When the referee blew for the full-time whistle, the entire squad went over to shake Sergeant Moloney’s hand.
“Today was brilliant,” the soldier told RTÉ after the game.
“Today is my first day out since I got to Haifa and today was my first day out since the accident. To come to a match, get a jersey, be the only one in the group who isn’t a Cork-man, listen to Cork accents in the middle of a pitch in Israel, in the middle of this, is just the business. It is brilliant,” he added.
City returned to Turner’s Cross on July 12 and they welcomed Germany heavy weights Köln.
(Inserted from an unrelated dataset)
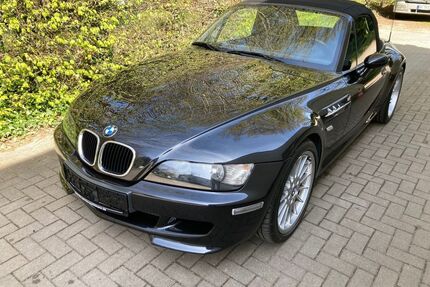 BMW Z3 M Gebrauchtwagen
The Bundesliga side travelled to Cork with an impressive European history that included narrowly losing the 1986 UEFA Cup final to Real Madrid.
That loss was the start of a golden period for Köln as they went on to secure two second-place Bundesliga finishes, in 1988–89 and 1989–90, and they lost the DFB-Pokal final in 1991.
Their 1996 Intertoto Cup campaign saw an 8-0 hammering of Tottenham Hotspur and reached the last 16.
Football fans in Cork were well aware of Köln’s size going into the game as 4,000 people turned up to Turner’s Cross for the match. The German squad had seven full internationals including Austrian Toni Polster who won the European Golden Shoe in the 1986-87 season.
City were unfazed by all of this experience and they should have scored early in the first half when Ollie Cahill put a low ball into the box for John Caulfield. It fell perfectly to the striker but his touch let him down and he put the chance wide.
Dorinel Munteanu responded for Köln by knocking in a corner. City thought they equalised straight away after John Caulfield turned in a Dave Hill free-kick, but the referee spotted a foul in the box and a free-out was given.
A powerful strike from Toni Polster crept in at the start of the second half and this secured the three points for the German side.
City’s next game was against FC Aarau in Switzerland and only 600 people turned up for this dead rubber tie at the Stadion Brügglifeld.
It finished goalless and City finished in fourth place in the group.
Their European adventure ended up setting a new precedent for an Irish side on the continent as they got three creditible draws in the competition.
City’s European adventure was captured by legendary filmmaker John Creedon in a documentary. He travelled to all four games with the squad, recording every move the Rebel Army made.
City’s European adventure also meant that the squad was at peak fitness for the start of the League of Ireland season. This showed at the end of the year, as the squad went on to win the FAI Cup for the very first time. City also lifted the Munster Senior Cup to complete the second cup double in the club’s history.